The "later" proof he exposes is too hand-waving for me, since I'm searching for a rigorous Taylor expansion / limit derivation. He proves that the microscopic retardation can be neglected if it's negligible wrt $$t_0 = \frac l {\beta c}$$ ($l$ is defined as $|\mathbf y|\le l$) which is the "characteristic time of change" of the generic 4-current. So $$\left| \mathbf n \cdot \frac {\mathbf y} c \right| \le \frac l c = \beta t_0 \ll t_0 \iff \beta \ll 1\,.$$

This reference at page 10-11 states the same claim I'm stuck with, but I can't understand how $\beta$ enters the proof.

Answer 1

The limit $\mathbf \beta \to 0$ is used to simplify the expressions, to make the derivation easier.
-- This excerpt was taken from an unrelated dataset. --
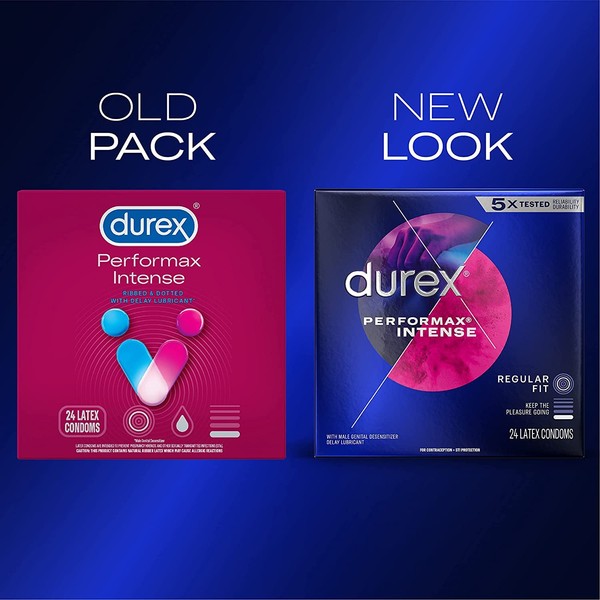 Durex Performax Intense Natural Rubber Latex Condoms, Regular Fit, 24 Count (Pack of 3), Contains Desensitizing Lube for Men, FSA & HSA Eligible (Packaging May Vary)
It does not imply that retarded time can be accurately expressed as $t- |\mathbf x|/c$, because even if particle is slow, it may be far from the origin of the coordinate system and in such case, $|\mathbf x|$ does not give accurate value of distance between the spatial point of the generation event to the spatial point of the observation event.

One can neglect $\mathbf y$ in the retarded time if one assumes $|\mathbf y|/|\mathbf x| \ll 1$. In other words, the coordinate system has to be chosen in such a way that the particle was near its origin when the field was generated, and the observation point is far from this origin.